We give more or less full detail for the first problem, and treat the second problem more casually. Let $\epsilon\gt 0$ be given. Note that $$\left|\frac{x^2-y^2}{x^2+y^2}-(-1)\right|=\frac{2x^2}{x^2+y^2}.\tag{1}$$
Suppose that $\delta\le \frac{1}{2}$. We will need to put additional conditions on $\delta$ later.
If $\sqrt{(x-0)^2+(y-1)^2}\lt \delta$, then $(y-1)^2\lt \frac{1}{4}$ and therefore $|y-1|\lt \frac{1}{2}$. It follows that $y\gt \frac{1}{2}$. Thus $y^2\gt \frac{1}{4}$, and therefore $\frac{1}{x^2+y^2}\lt 4$. It follows that $\frac{2x^2}{x^2+y^2}\lt 8x^2$.
We want to make sure that $8x^2\lt \epsilon$. Note that $\sqrt{x^2+(y-1)^2}\gt |x|$. So if $\sqrt{x^2+(y-1)^2}\lt \frac{\sqrt{\epsilon}}{\sqrt{8}}$, then $x^2\lt \frac{\epsilon}{8}$, and therefore $8x^2\lt \epsilon$.
So if we set $\delta=\min(1/2,\sqrt{\epsilon}/\sqrt{8})$, then if $\sqrt{x^2+(y-1)^2}\lt \delta$ then the expression on the left side of (1) will be less than $\epsilon$.
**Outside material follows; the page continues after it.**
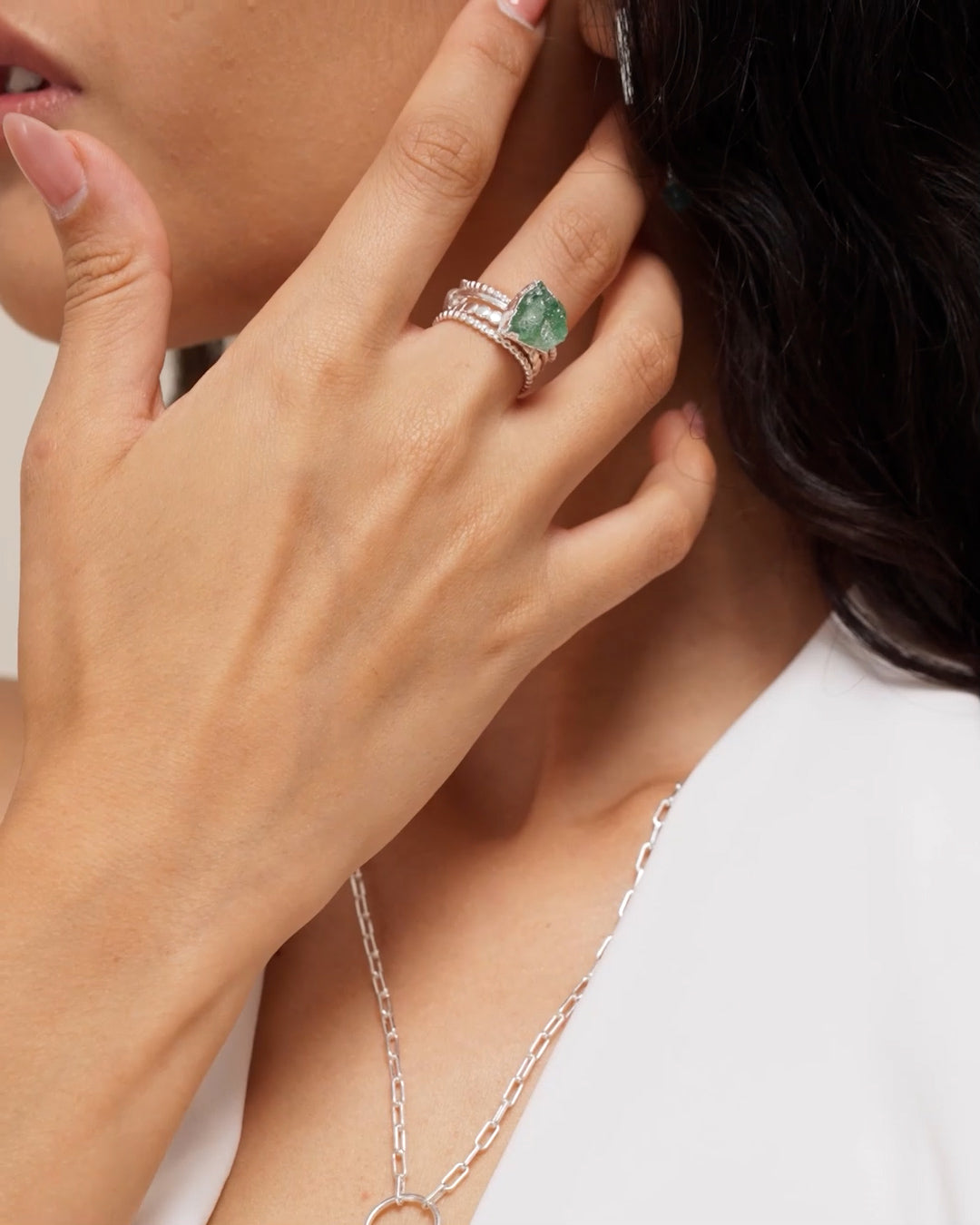 Roher grüner Aventurin Silber Stapelring Set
For the second problem, we just mention the basic strategy. We are interested in the absolute value of $\frac{(1-\cos(xy))\sin y}{x^2+y^2}$. Multiply top and bottm by $1+\cos(xy)$, and use the fact that $|\sin t|\le t$. We get that $$\left|\frac{(1-\cos(xy))\sin y}{x^2+y^2}\right|\le \frac{(x^2y^2)|y|}{(|1+\cos(xy)|)(x^2+y^2)}.$$
Now if $\sqrt{x^2+y^2}$ is small enough (and it doesn't have to be very small!) we have $1+\cos(xy)\gt 1$. Also, since $(x-y)^2\ge 0$, we have $\frac{|xy|}{x^2+y^2}\le \frac{1}{2}$ unless $(x,y)=(0,0)$. The $\epsilon$ stuff should now be straightforward. There is a lot of slack. Even if $1-\cos(xy)$ is replaced by its square root, the limit is $0$.